There are strong indications that the President is very sick again. Effort is made to conceal this fact but his absence from three venues very crucial to his life affirms what has now become an open secret.
One, the President is a punctual person. Nothing will stop him from his office unless it is something overwhelming. To operate from home—no matter how justified by the Minister of Information—underscores the level of his ailment. I have been an advocate of his rest and delegation of much of his work to his deputy and aides as a way of stabilizing his condition but I have never contemplated an excuse for his total absence from office unless it is impossible for him to do so.
Two, whatever the low level of activity that is needed to stabilize his health, one thing he cannot afford to miss is the Federal Executive Council meetings because it is the highest level forum of his government. To do it once on ground of mild illness is understandable. To do it repeatedly—for no reason of grave condition—is something that cannot be justified normally and inconceivable of someone known for his punctuality.
The third is his absence at the Friday Congregation, which, as a practicing Muslim, he has been known to attend but from which he can be excused on valid grounds of illness or engagement that borders on saving life or property. However, taken together with his absence from office and meetings, it validates the speculation that his condition is once more grave.
Given that we are not dealing with a person known for counterfeiting behavior, it is safe to deduce from the above that the President is not only sick but very sick to the extent that he is not able to meet the barest demands of his office. As someone put it, for a President to be incapable of attending a single function for a week is enough to provoke our worries. And worried the nation is, actually.
If the situation persists, it will demand the President doing two things: one, re-appointing his deputy as Acting President such that affairs of state will be attended to without hindrance or delay and, two, the pursuit of his recovery whatever it takes and wherever it could take him. While the nation must be obliged the former, the President is entitled to the latter, especially from the people he trusts most and closest to him.

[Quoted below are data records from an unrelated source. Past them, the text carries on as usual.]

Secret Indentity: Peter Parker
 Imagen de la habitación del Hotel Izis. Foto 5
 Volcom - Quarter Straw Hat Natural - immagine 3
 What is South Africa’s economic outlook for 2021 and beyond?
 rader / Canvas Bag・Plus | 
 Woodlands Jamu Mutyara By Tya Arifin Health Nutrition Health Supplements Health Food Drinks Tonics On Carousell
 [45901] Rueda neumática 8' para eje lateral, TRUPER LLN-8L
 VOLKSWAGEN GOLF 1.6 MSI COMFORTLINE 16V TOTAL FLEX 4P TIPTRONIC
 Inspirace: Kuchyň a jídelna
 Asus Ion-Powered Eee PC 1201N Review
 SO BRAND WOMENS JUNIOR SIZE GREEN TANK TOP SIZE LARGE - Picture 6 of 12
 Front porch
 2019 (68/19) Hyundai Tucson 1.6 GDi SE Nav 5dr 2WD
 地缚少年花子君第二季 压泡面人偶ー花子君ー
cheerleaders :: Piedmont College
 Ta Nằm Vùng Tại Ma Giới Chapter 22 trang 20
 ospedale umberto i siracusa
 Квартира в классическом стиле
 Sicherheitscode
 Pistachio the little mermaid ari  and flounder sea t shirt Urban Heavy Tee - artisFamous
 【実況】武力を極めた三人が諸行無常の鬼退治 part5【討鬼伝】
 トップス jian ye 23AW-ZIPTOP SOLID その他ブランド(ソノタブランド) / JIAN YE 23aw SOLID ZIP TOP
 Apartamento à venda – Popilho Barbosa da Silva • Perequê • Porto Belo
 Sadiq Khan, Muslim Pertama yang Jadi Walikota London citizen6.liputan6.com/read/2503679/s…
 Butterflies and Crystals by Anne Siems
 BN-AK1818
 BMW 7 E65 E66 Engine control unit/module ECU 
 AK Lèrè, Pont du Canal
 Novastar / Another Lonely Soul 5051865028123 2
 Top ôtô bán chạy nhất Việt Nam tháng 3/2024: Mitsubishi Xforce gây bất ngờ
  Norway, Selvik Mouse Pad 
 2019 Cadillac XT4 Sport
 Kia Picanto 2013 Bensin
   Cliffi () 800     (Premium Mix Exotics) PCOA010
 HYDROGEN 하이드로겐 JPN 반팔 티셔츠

There are accusations that due to the ongoing power struggle in the Villa, some people are thwarting the return of the President to London for another round of treatment. The fear, as we witnessed in the case of late President Yar’adua, is that one group—the President’s—will be eclipsed by that of the Vice-President. It cannot be denied. Come to think about it. It is natural. However, for people living in a civilization, the urge of selfishness in our DNA must be sacrificed in the interest of the common good.
In this case, any thought of losing power is only instinctive. On careful consideration, there is no alternative than giving the President the full medical attention he deserves. The longer he is denied that the faster will his condition deteriorate and the faster will power slip away from whoever is behind the deferment. In case he dies, as it happened to late Yar’adua, it will terminate the privileges of whoever may be exploiting his illness. Delay is dangerous.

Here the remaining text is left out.